Please give every line below again exactly, but not its pictures.
----- Data for analysis
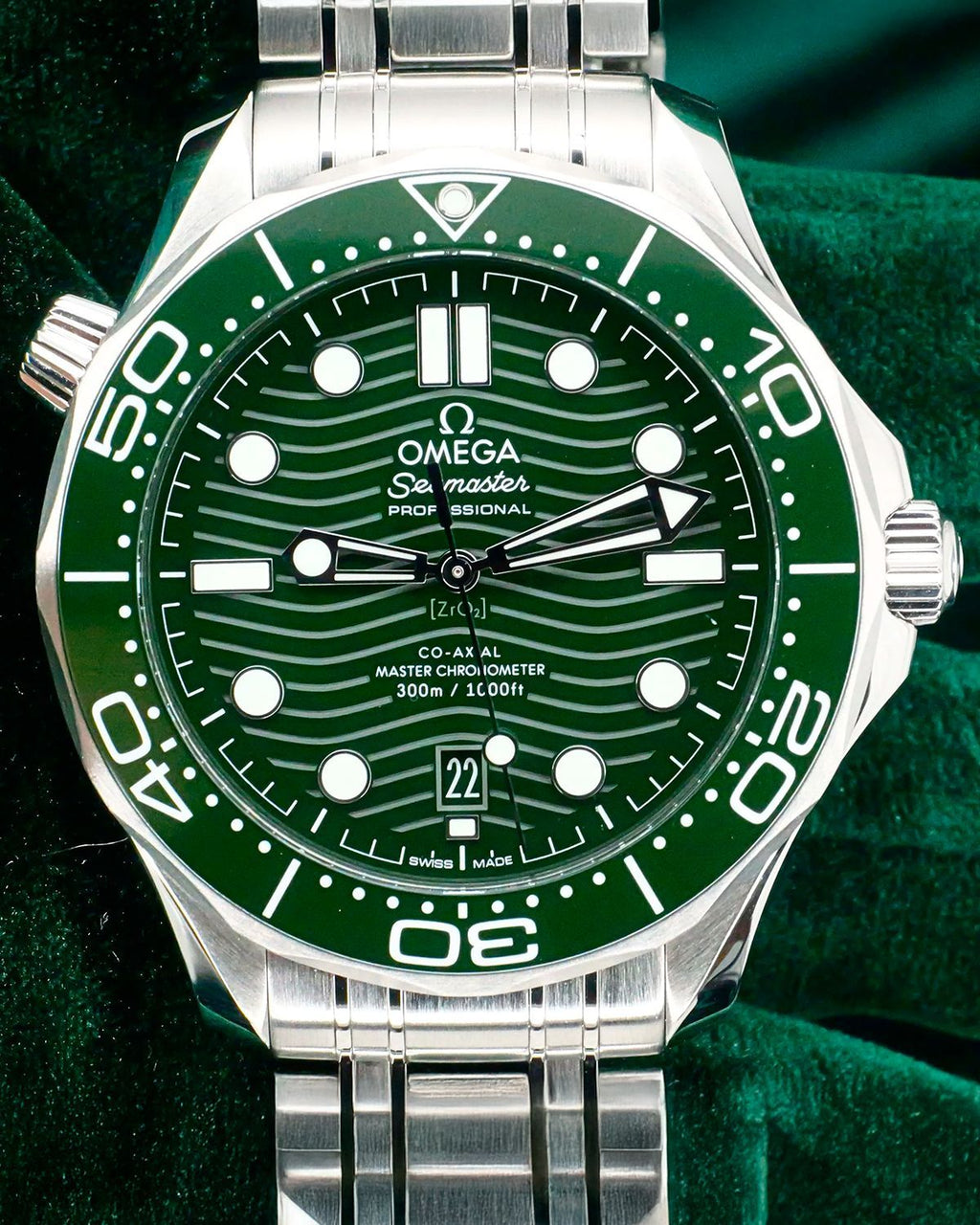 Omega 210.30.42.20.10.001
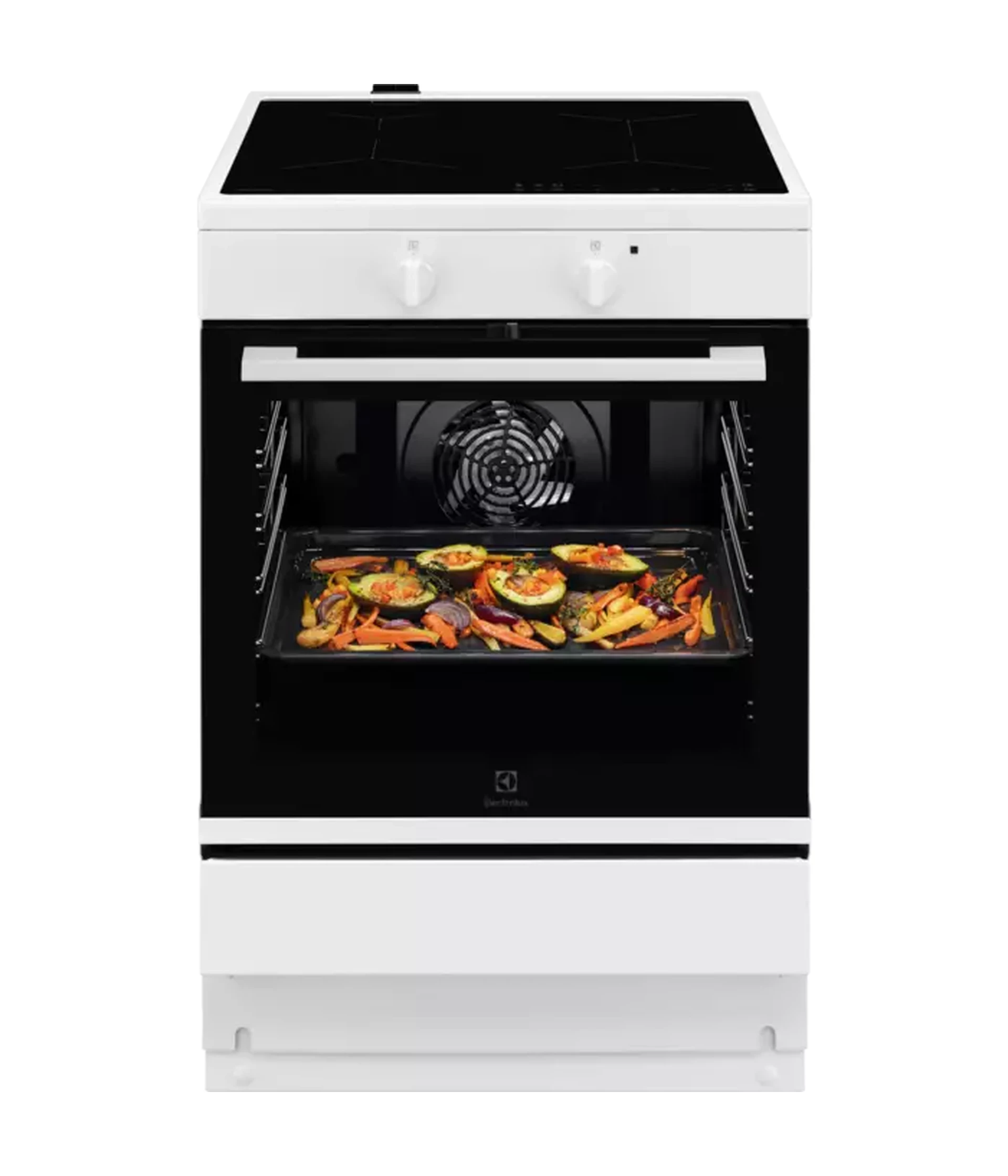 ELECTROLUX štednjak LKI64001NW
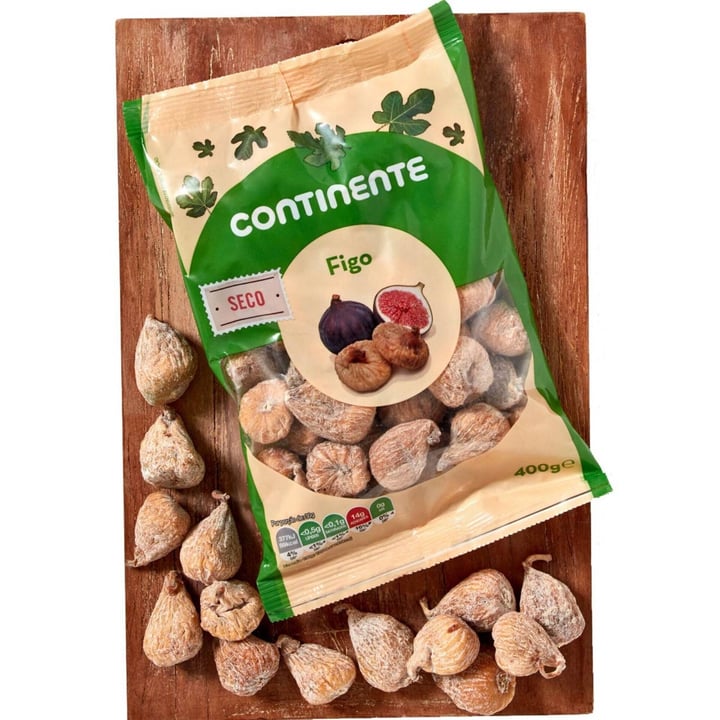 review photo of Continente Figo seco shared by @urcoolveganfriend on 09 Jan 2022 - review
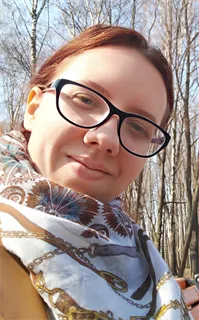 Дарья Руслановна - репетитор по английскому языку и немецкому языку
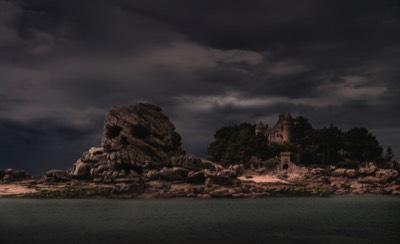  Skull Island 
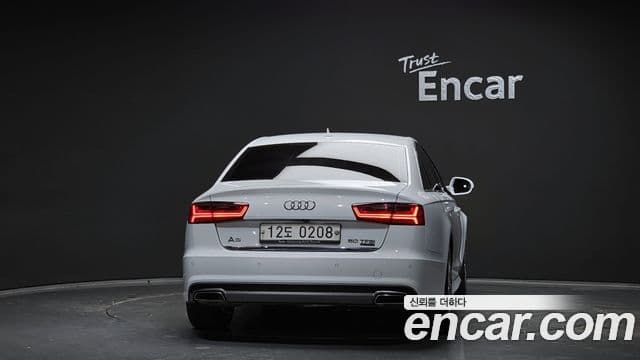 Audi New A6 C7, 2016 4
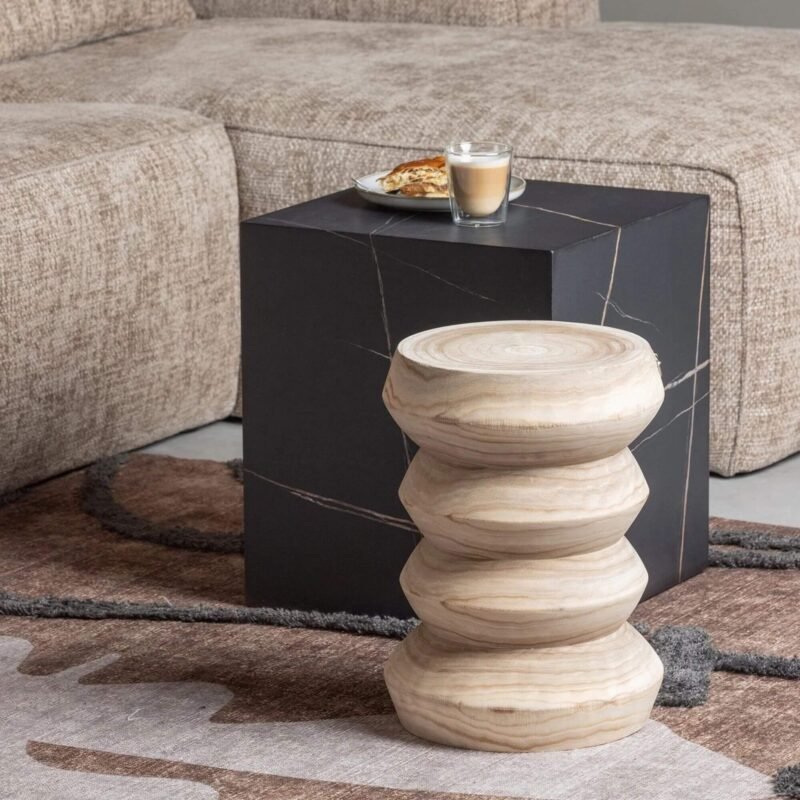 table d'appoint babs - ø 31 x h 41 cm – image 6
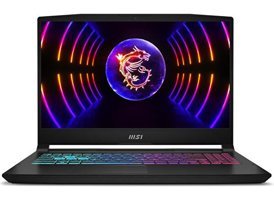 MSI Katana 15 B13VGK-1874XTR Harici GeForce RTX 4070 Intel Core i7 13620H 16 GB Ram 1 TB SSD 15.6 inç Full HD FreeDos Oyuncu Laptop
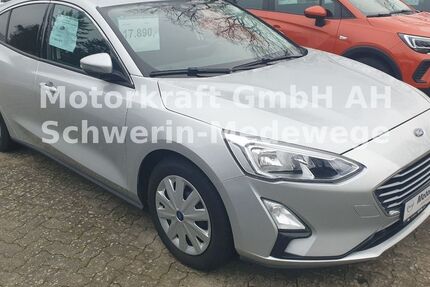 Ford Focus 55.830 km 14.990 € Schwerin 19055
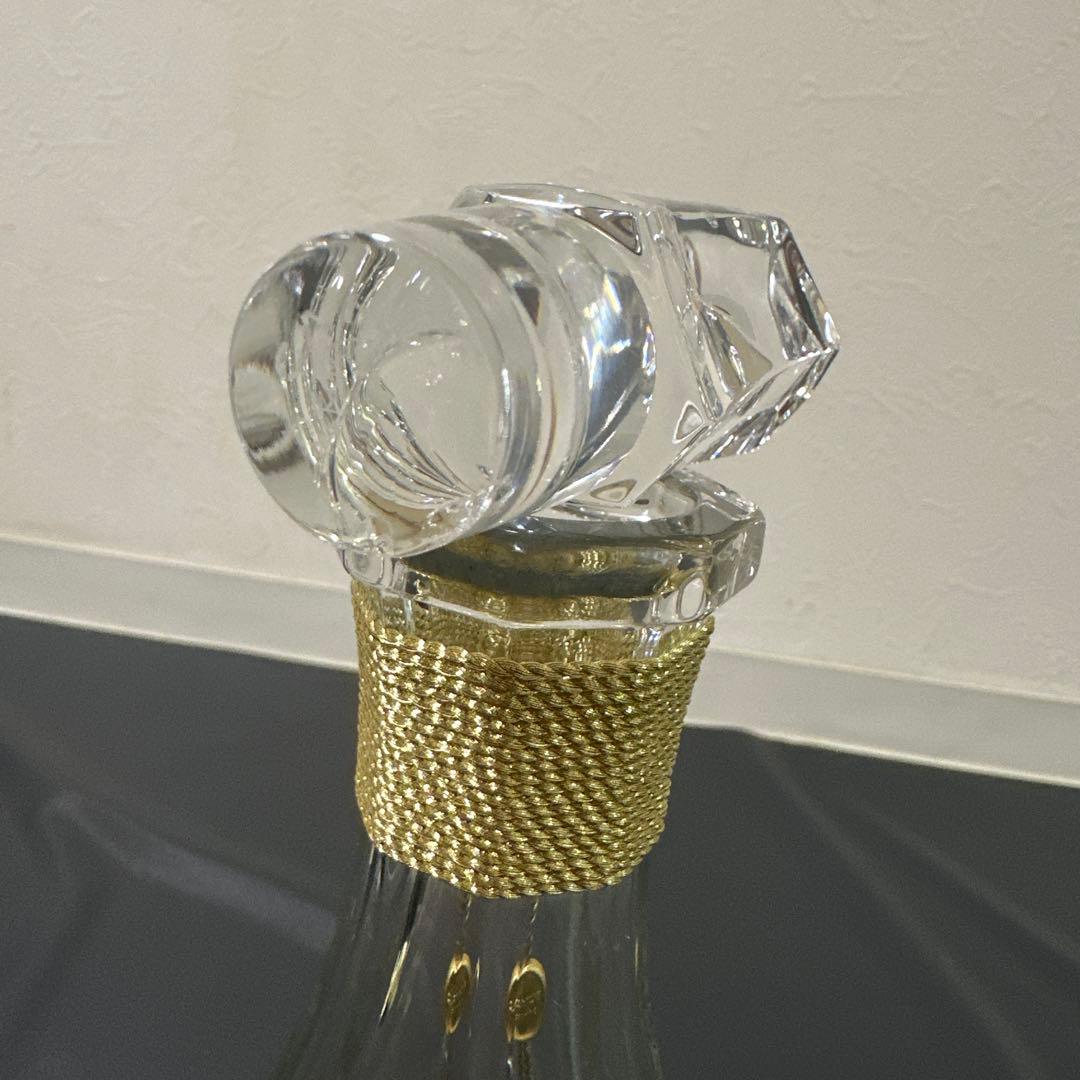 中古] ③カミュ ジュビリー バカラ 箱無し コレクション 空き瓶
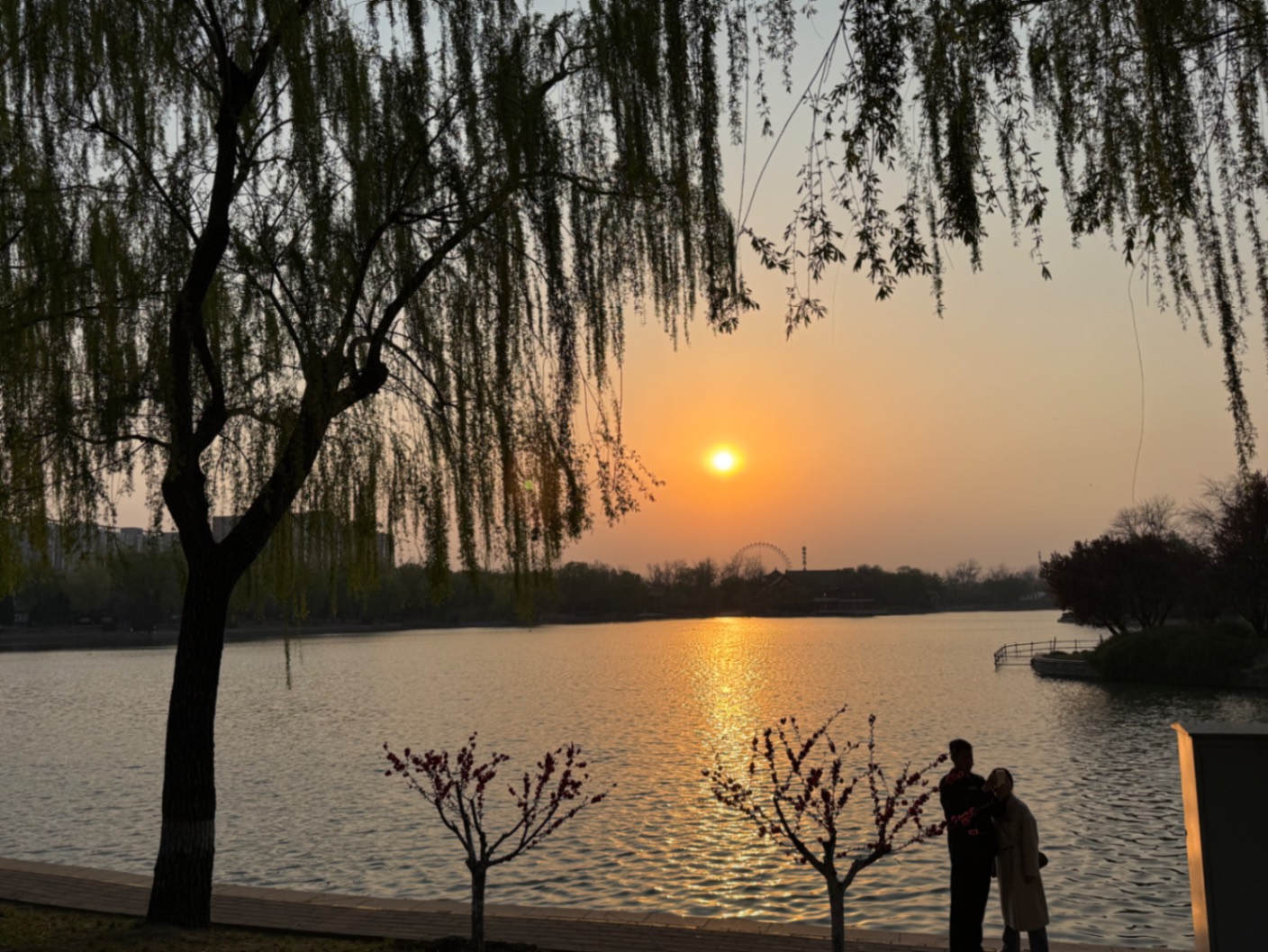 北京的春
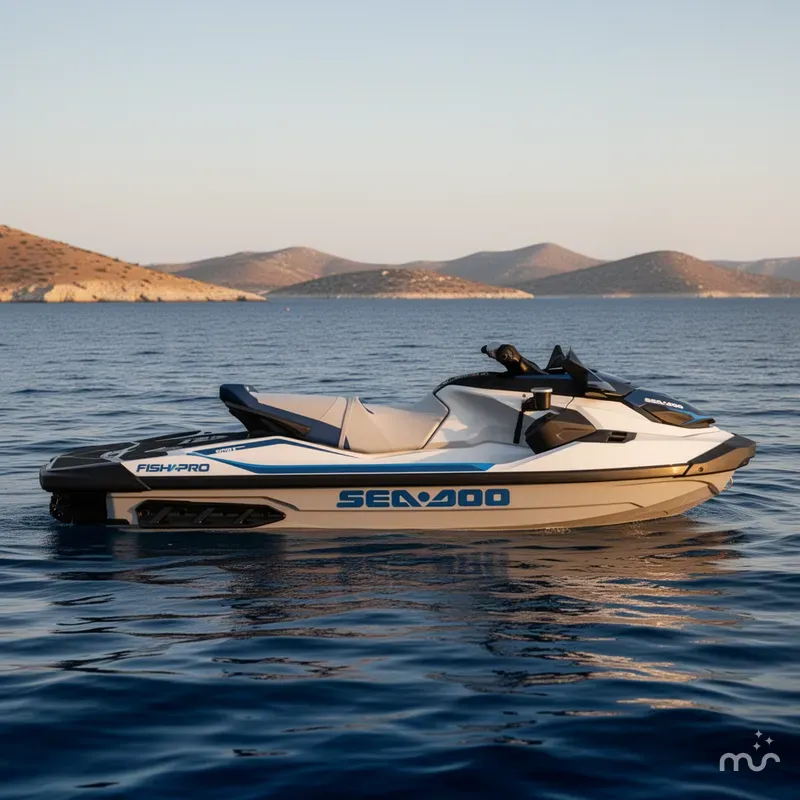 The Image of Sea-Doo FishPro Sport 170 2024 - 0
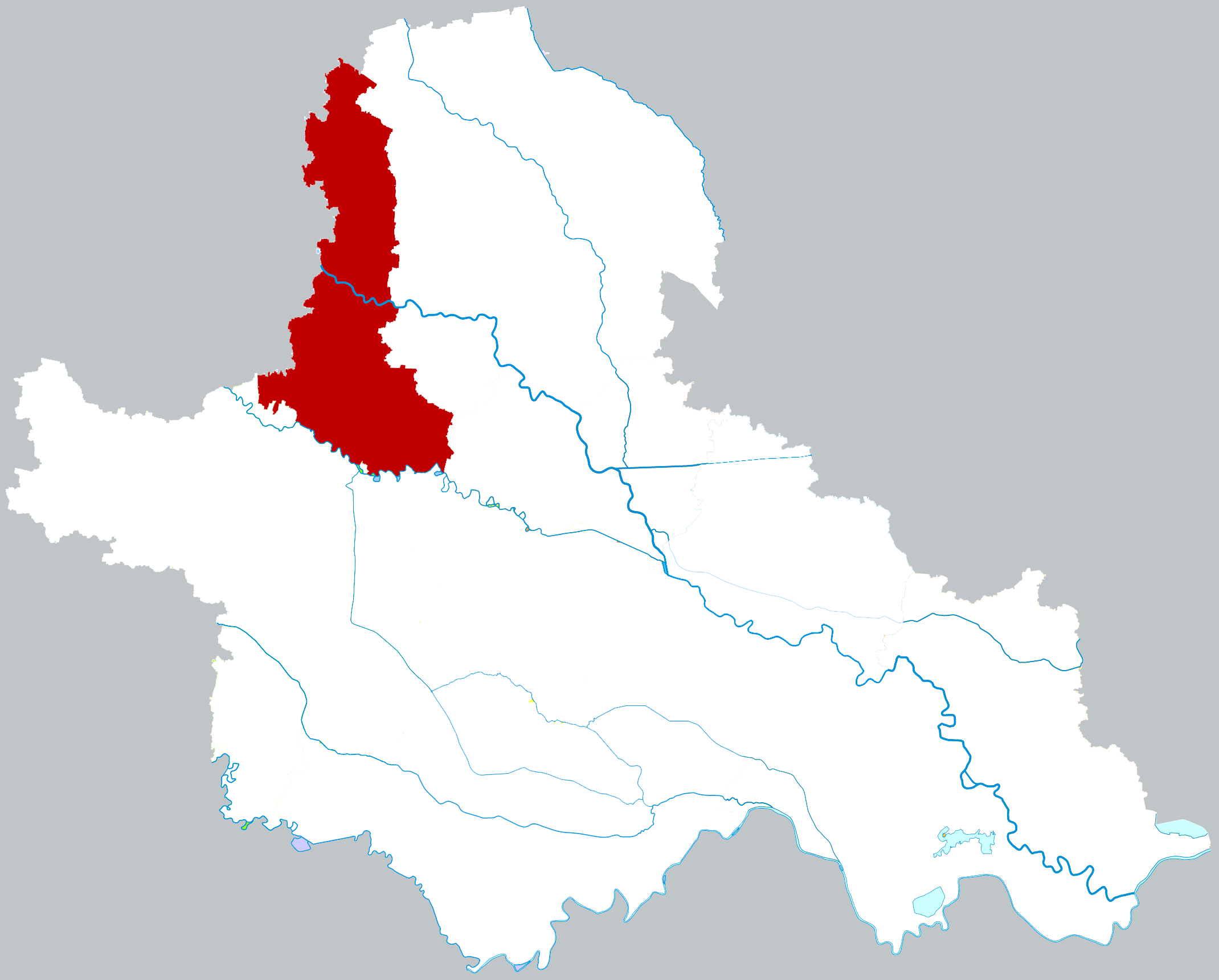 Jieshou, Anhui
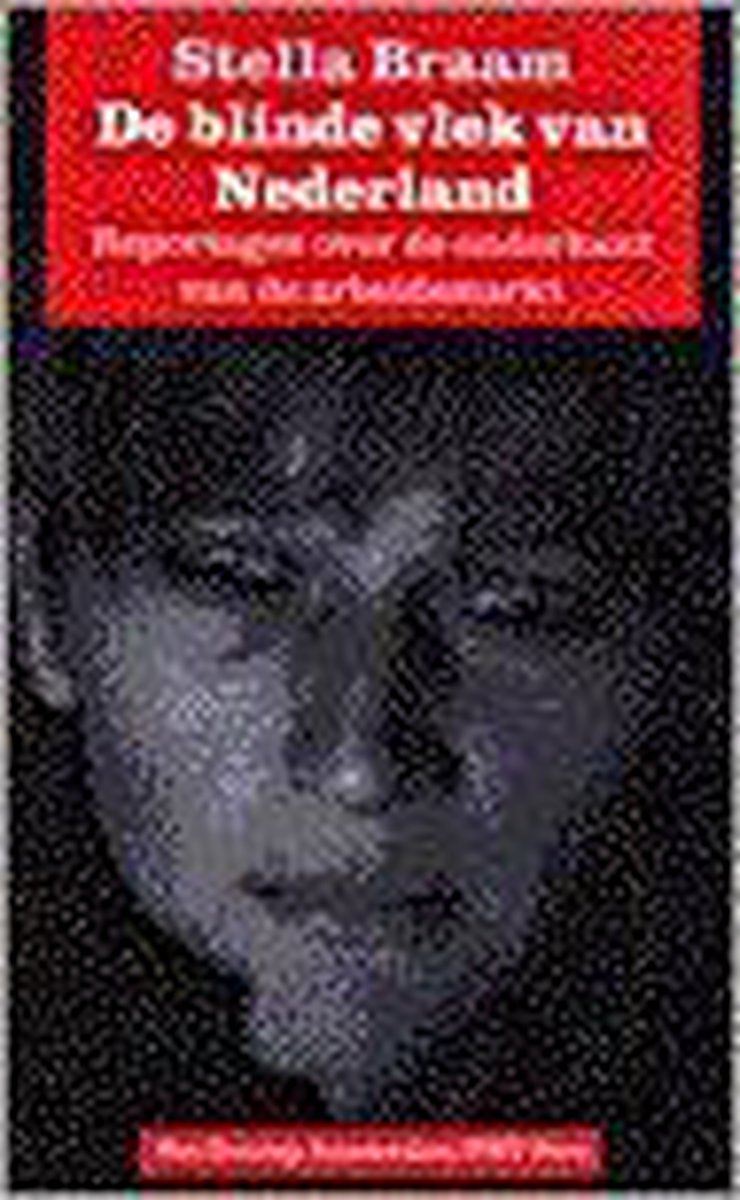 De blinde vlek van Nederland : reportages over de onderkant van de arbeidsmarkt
----------
Solution to the problem ->
 Omega 210.30.42.20.10.001
 ELECTROLUX štednjak LKI64001NW
 review photo of Continente Figo seco shared by @urcoolveganfriend on 09 Jan 2022 - review
 Дарья Руслановна - репетитор по английскому языку и немецкому языку
  Skull Island 
 Audi New A6 C7, 2016 4
 table d'appoint babs - ø 31 x h 41 cm – image 6
 MSI Katana 15 B13VGK-1874XTR Harici GeForce RTX 4070 Intel Core i7 13620H 16 GB Ram 1 TB SSD 15.6 inç Full HD FreeDos Oyuncu Laptop
 Ford Focus 55.830 km 14.990 € Schwerin 19055
 中古] ③カミュ ジュビリー バカラ 箱無し コレクション 空き瓶
 北京的春
 The Image of Sea-Doo FishPro Sport 170 2024 - 0
 Jieshou, Anhui
 De blinde vlek van Nederland : reportages over de onderkant van de arbeidsmarkt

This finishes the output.